## Work instruction
Retype the data exactly, from its first line to the line containing "James Martin Hudson", including both, and skip any picture.

----- Source data -----

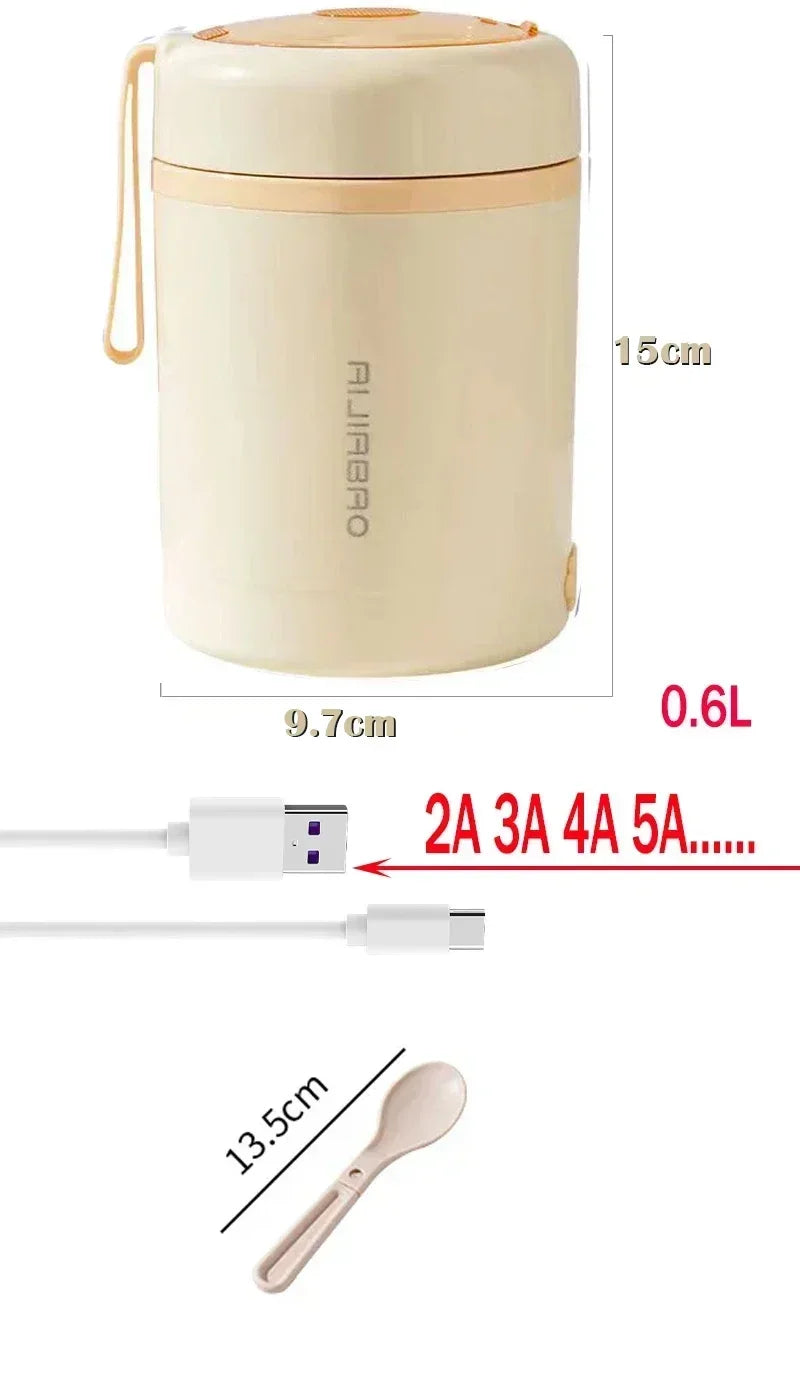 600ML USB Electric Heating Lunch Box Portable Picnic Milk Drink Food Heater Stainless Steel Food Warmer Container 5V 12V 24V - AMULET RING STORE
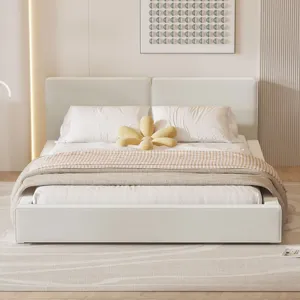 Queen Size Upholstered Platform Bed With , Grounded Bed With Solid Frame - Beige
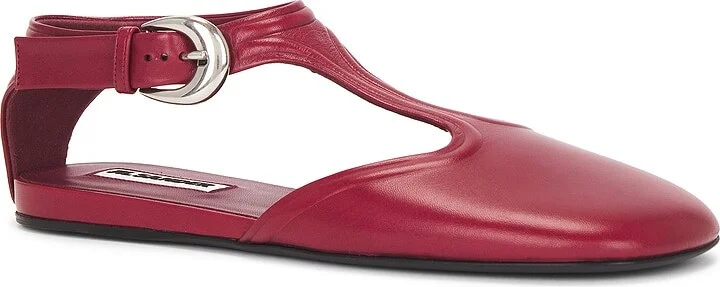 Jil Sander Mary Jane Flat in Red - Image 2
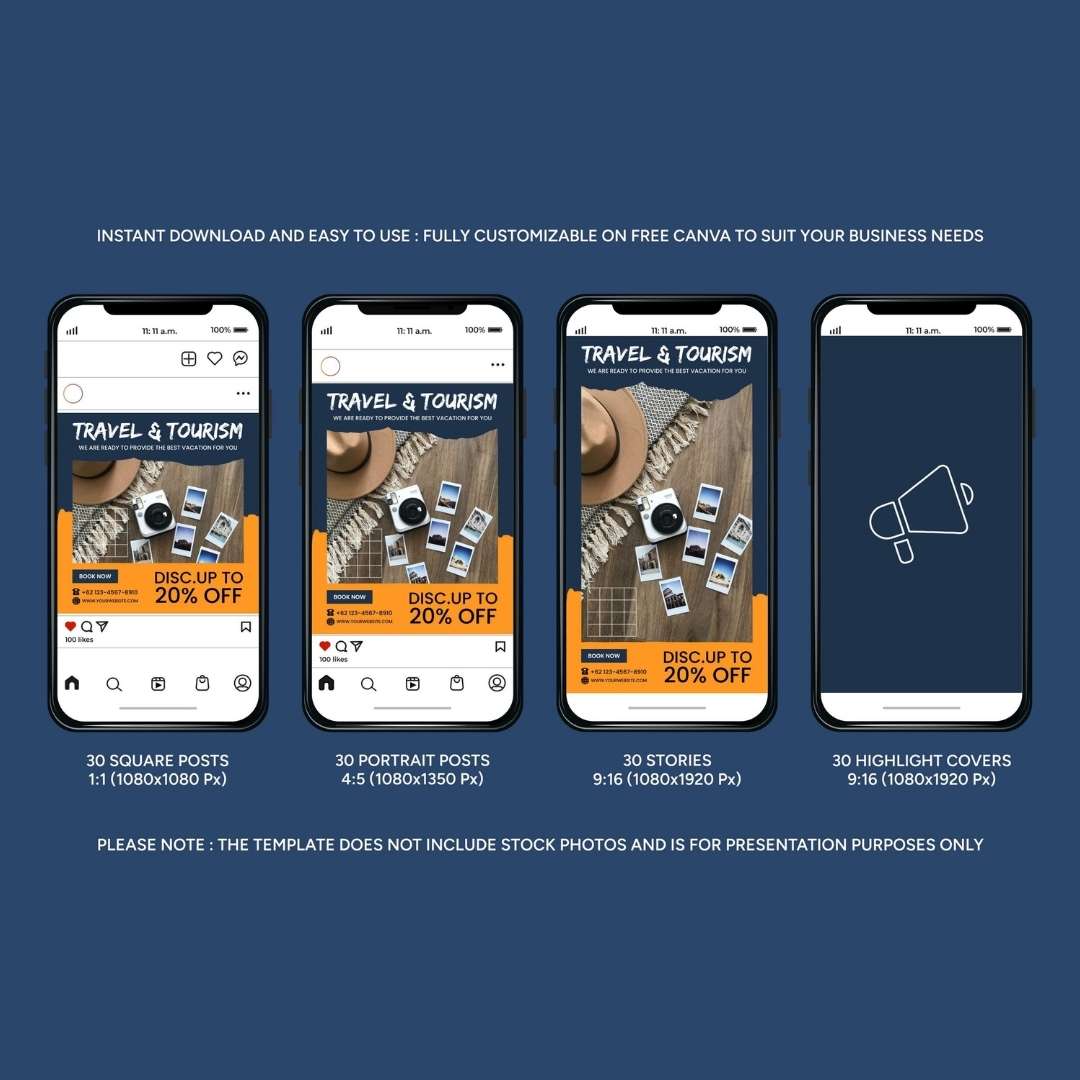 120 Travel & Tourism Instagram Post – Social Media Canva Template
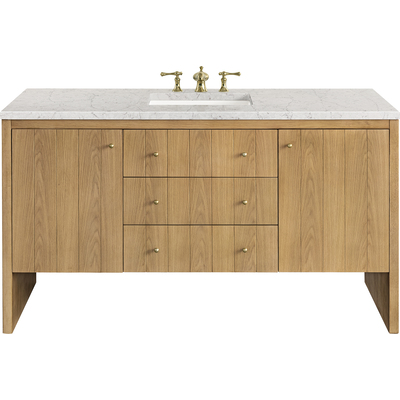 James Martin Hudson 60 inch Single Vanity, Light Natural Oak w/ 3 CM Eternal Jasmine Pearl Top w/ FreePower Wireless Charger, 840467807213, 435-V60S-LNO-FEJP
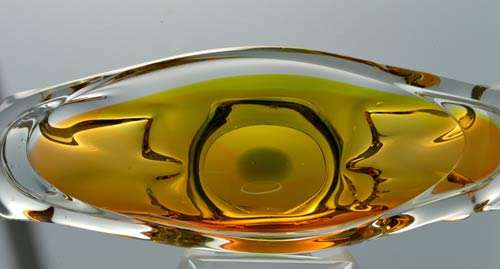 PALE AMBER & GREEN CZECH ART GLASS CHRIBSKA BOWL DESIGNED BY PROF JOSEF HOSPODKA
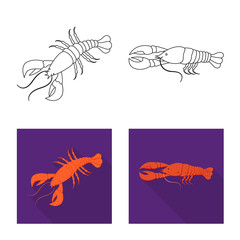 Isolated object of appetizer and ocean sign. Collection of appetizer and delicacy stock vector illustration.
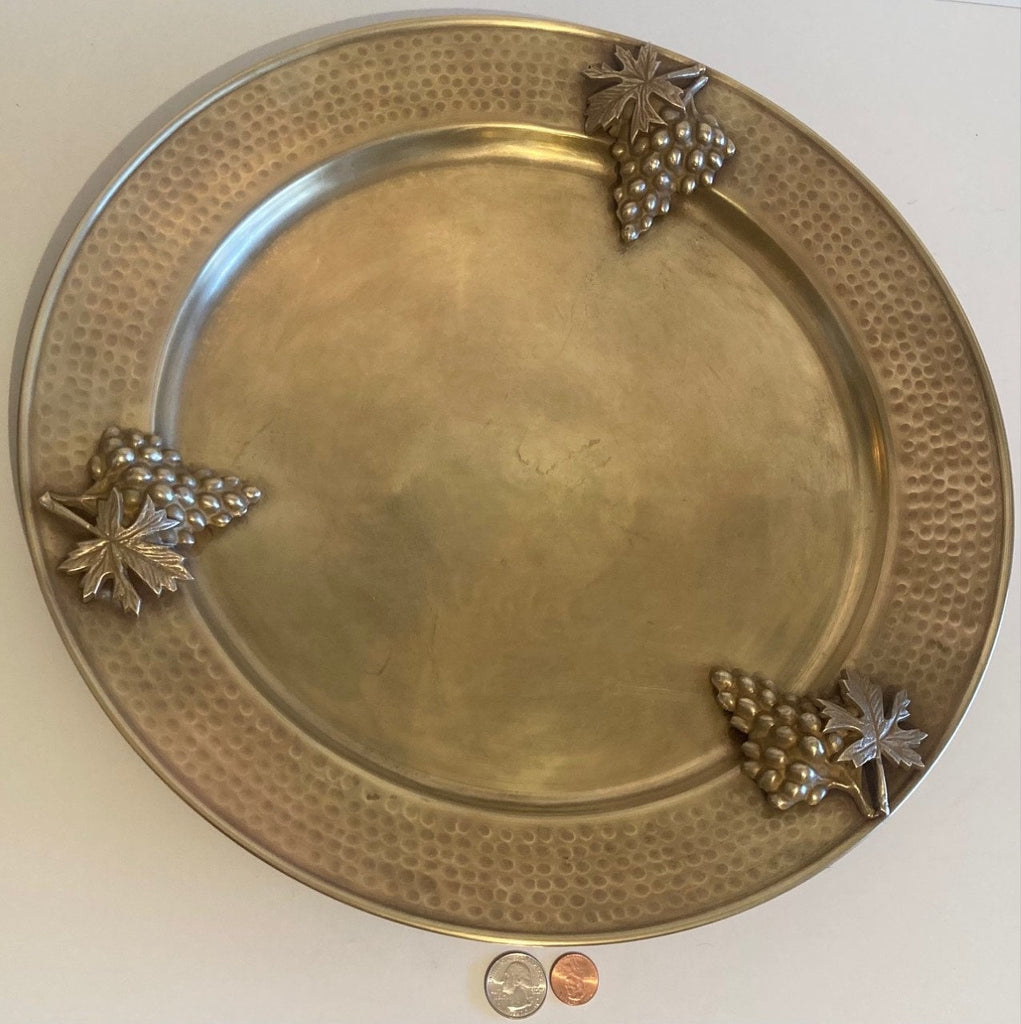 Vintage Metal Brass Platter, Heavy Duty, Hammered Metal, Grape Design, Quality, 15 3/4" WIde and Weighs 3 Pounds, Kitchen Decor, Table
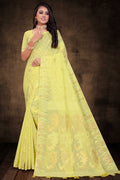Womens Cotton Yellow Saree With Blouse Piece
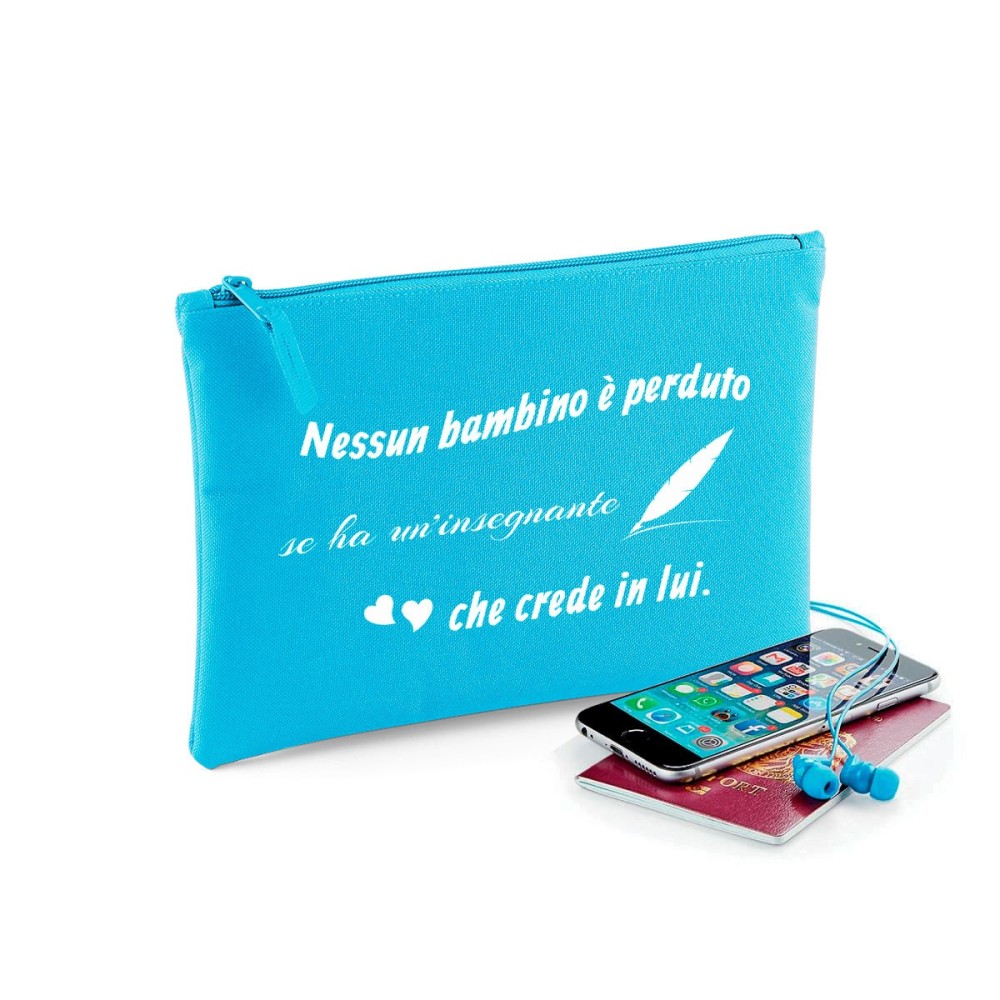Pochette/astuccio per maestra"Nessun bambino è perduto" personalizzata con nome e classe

-----

## Response box
 600ML USB Electric Heating Lunch Box Portable Picnic Milk Drink Food Heater Stainless Steel Food Warmer Container 5V 12V 24V - AMULET RING STORE
 Queen Size Upholstered Platform Bed With , Grounded Bed With Solid Frame - Beige
 Jil Sander Mary Jane Flat in Red - Image 2
 120 Travel & Tourism Instagram Post – Social Media Canva Template
 James Martin Hudson 60 inch Single Vanity, Light Natural Oak w/ 3 CM Eternal Jasmine Pearl Top w/ FreePower Wireless Charger, 840467807213, 435-V60S-LNO-FEJP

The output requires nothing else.